Minor convictions from youth should not be revealed in criminal record checks, Supreme Court rules

Government loses legal battle over cases including homeless woman who stole 99p book

Lizzie Dearden
Home Affairs Correspondent
Wednesday 30 January 2019 16:46 GMT
Jennifer Twite, Head of Strategic Litigation at Just for Kids Law, Christopher Stacey Co-director of Unlock, and Alex Temple, of Just for Kids Law, outside the Supreme Court in London on 30 January
Jennifer Twite, Head of Strategic Litigation at Just for Kids Law, Christopher Stacey Co-director of Unlock, and Alex Temple, of Just for Kids Law, outside the Supreme Court in London on 30 January (PA)

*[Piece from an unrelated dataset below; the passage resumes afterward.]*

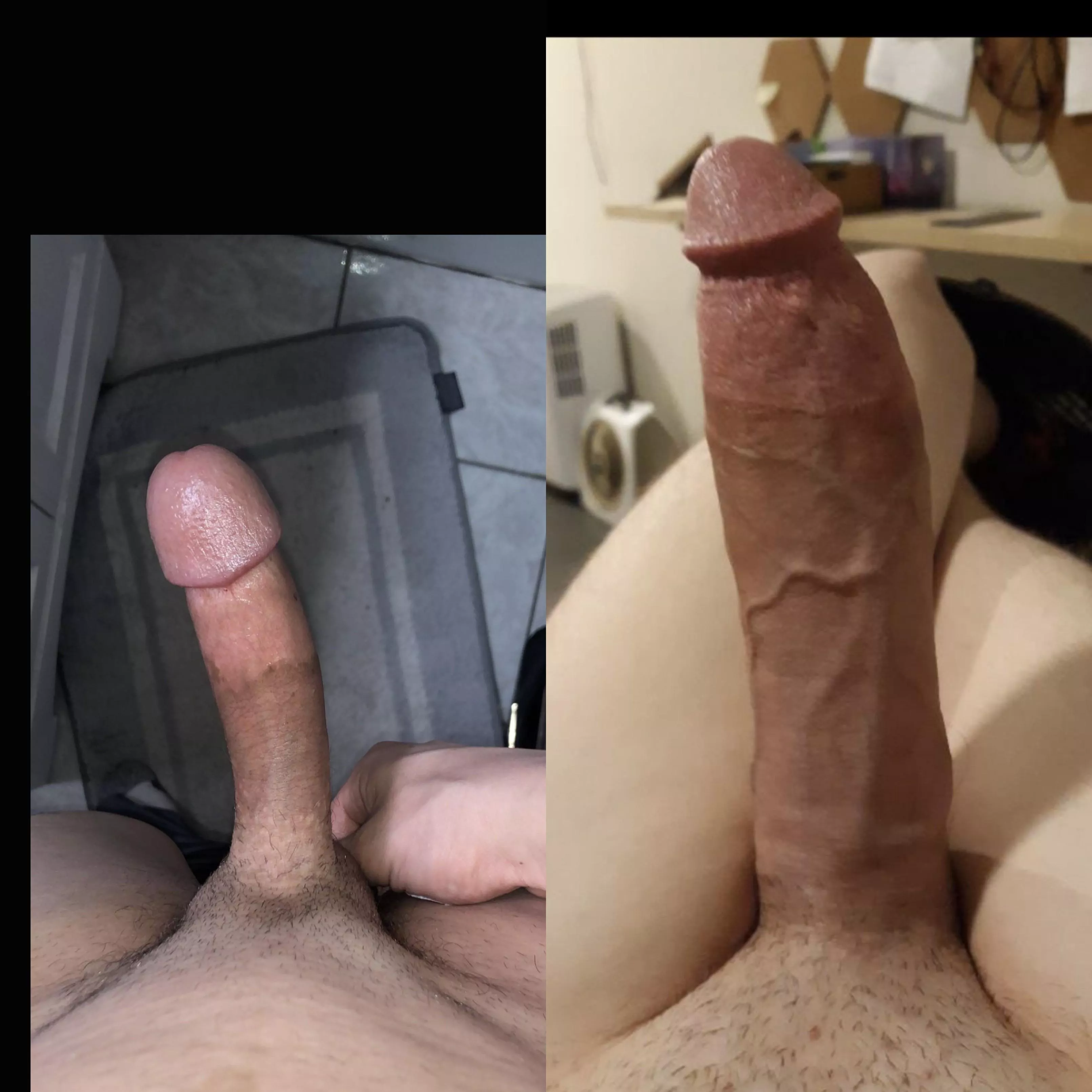 Is anyone making multiple cock comparisons? Would love to be a part of one (left)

A criminal records scheme seeing people lose jobs over minor offences committed decades ago is unlawful, the UK’s highest court has ruled.

Supreme Court judges rejected government appeals over claimants who said their lives had been blighted by crimes including stealing a 99p book and driving without a seatbelt.

They found that a revised disclosure scheme violated human rights and was “disproportionate” because it reveals all previous convictions if a person has more than one and discloses warnings handed to children.

Judges threw out the government’s appeal in three cases, including that of a woman who shoplifted a sandwich and a 99p book while homeless and suffering from undiagnosed schizophrenia in 1999.

Human rights group Liberty, which represents the woman referred to as P, said she had committed no offences since and aimed to work as a teaching assistant.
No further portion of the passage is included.